*DATA EXCERPTS:*
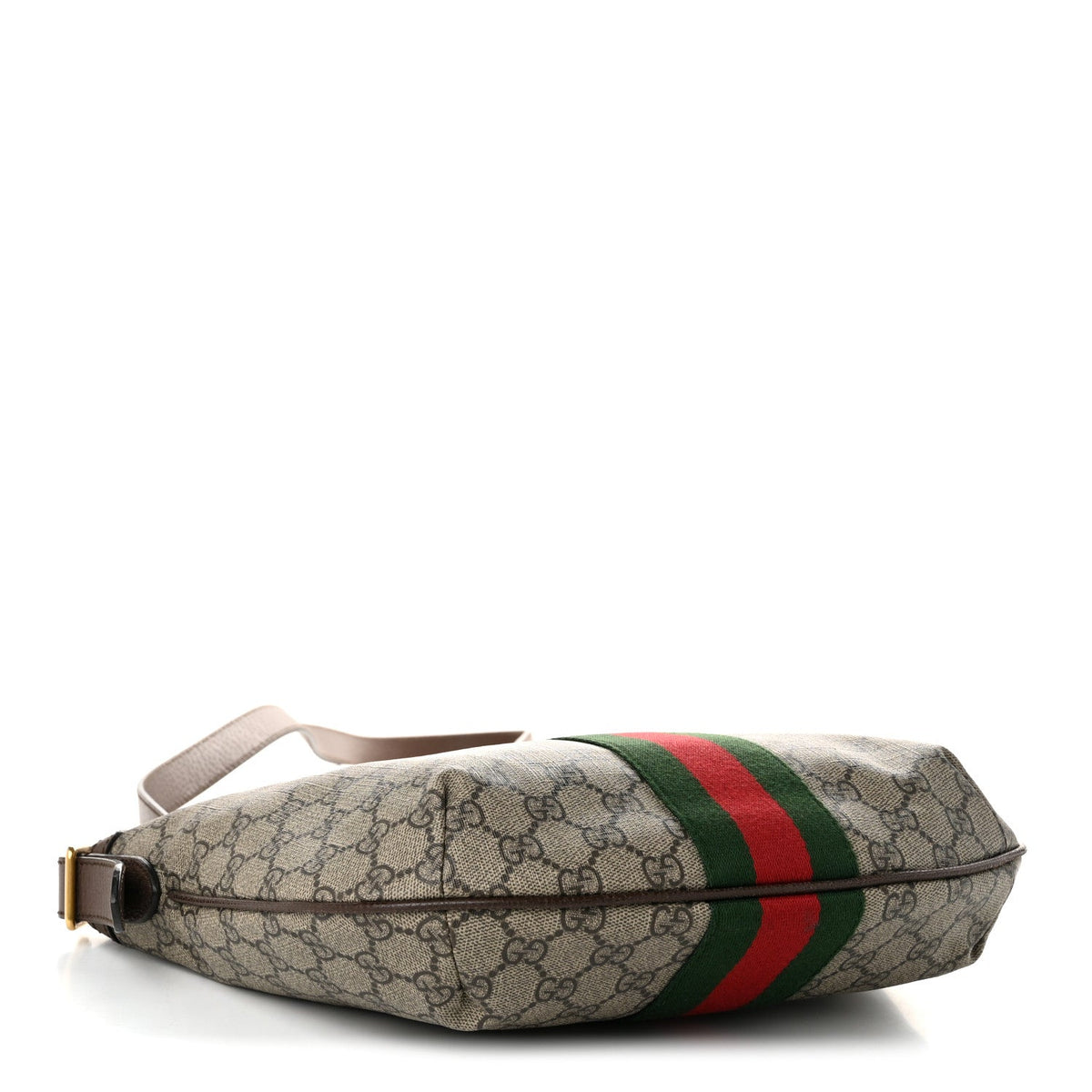 GG Supreme Monogram Web Small Ophidia Half Moon Hobo Brown
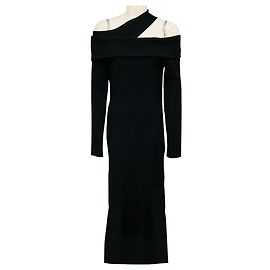 Autre Marque Robe midi moulante en maille extensible Tuiren Safiyaa Black Noir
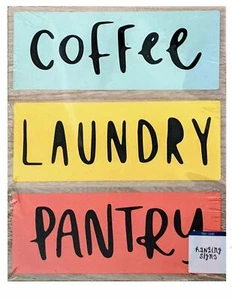 "Pantry, Laundry, Coffee" Hanging Set of 3 PC Sign Set 4" x 9.5" Wall Decor - Picture 1 of 4
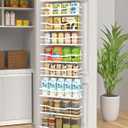 9-Tier Over The Door Pantry Organizer, Metal Pantry Organizers and Storage with Adjustable Basket, Spice Rack Seasoning Shelves, Over the Door Organizer for Pantry Kitchen Laundry, White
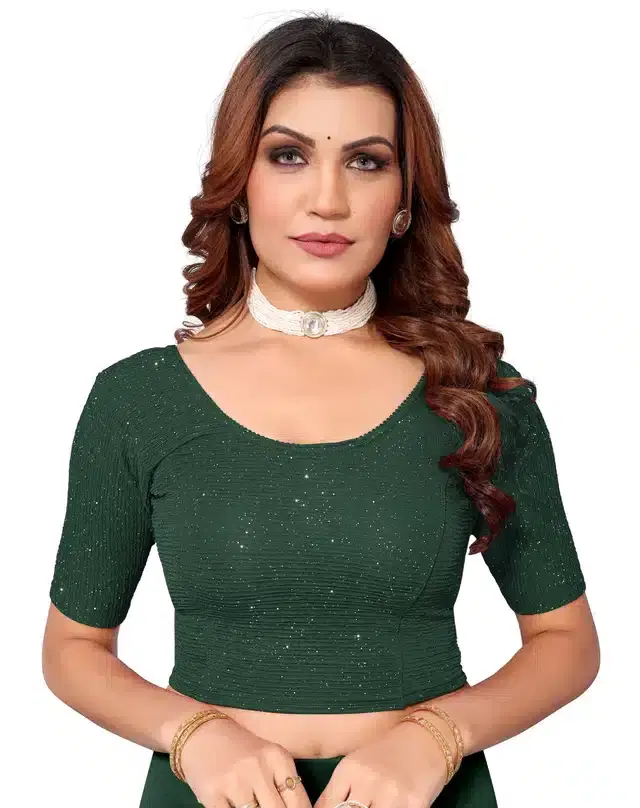 Half Sleeves Stitched Blouse for Women (Green, 30)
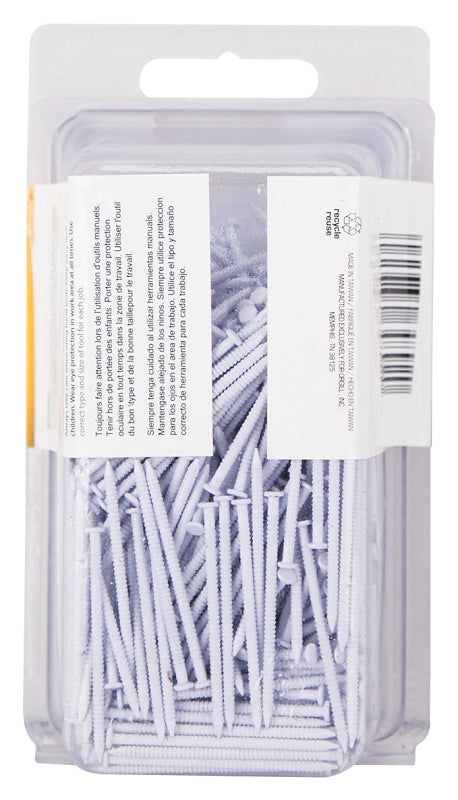 ProSource NTP-162-PS Panel Nail, 15D, 1-5/8 in L, Steel, Painted, Flat Head, Ring Shank, White, Pack of 4
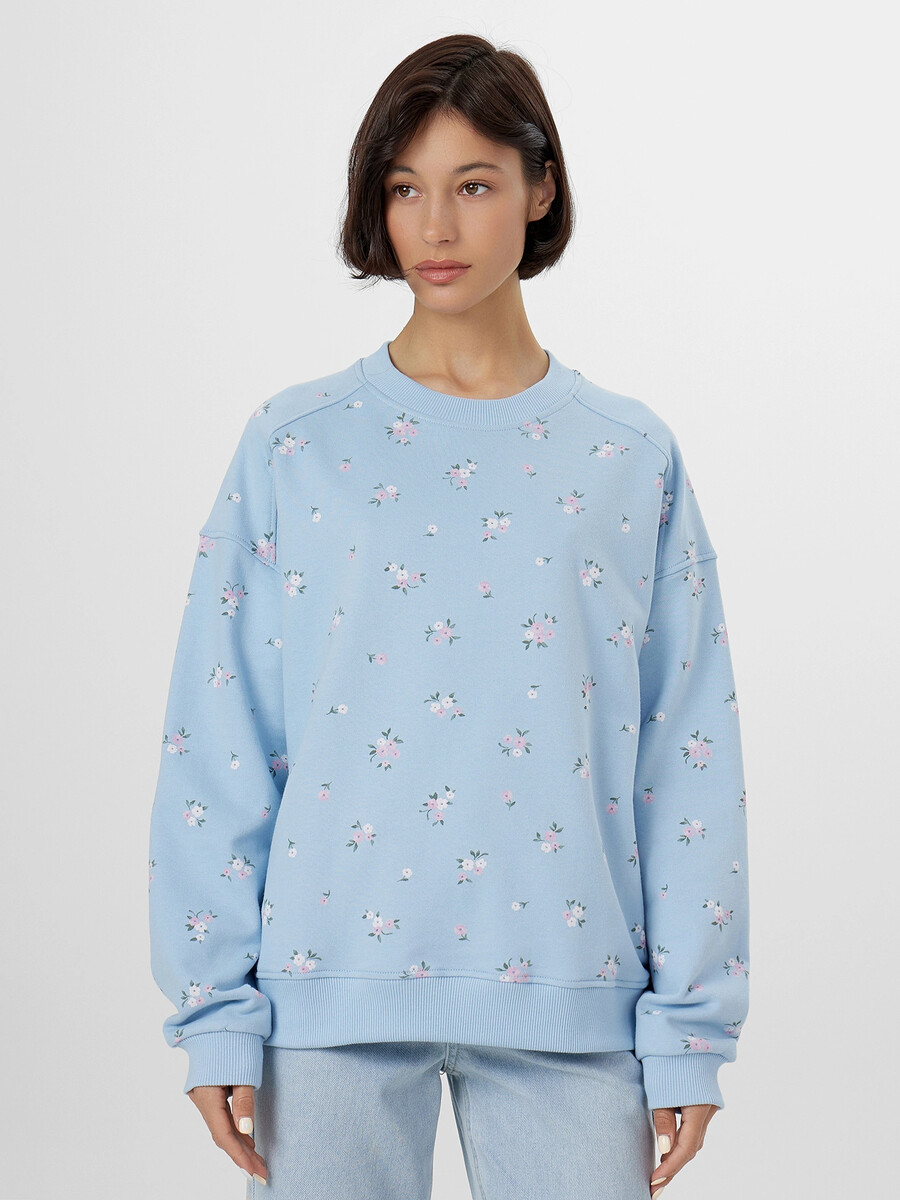 

Свитшот женский голубой с цветочным принтом, Голубой;цветочки на св.голубом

*HOW TO COMPLETE THIS TASK:*
Write out the lines beginning at the line with "ProSource NTP-162-PS Panel" and ending at the last line of the entries. Include no pictures.

*RESPONSE AREA:*
 ProSource NTP-162-PS Panel Nail, 15D, 1-5/8 in L, Steel, Painted, Flat Head, Ring Shank, White, Pack of 4

Свитшот женский голубой с цветочным принтом, Голубой;цветочки на св.голубом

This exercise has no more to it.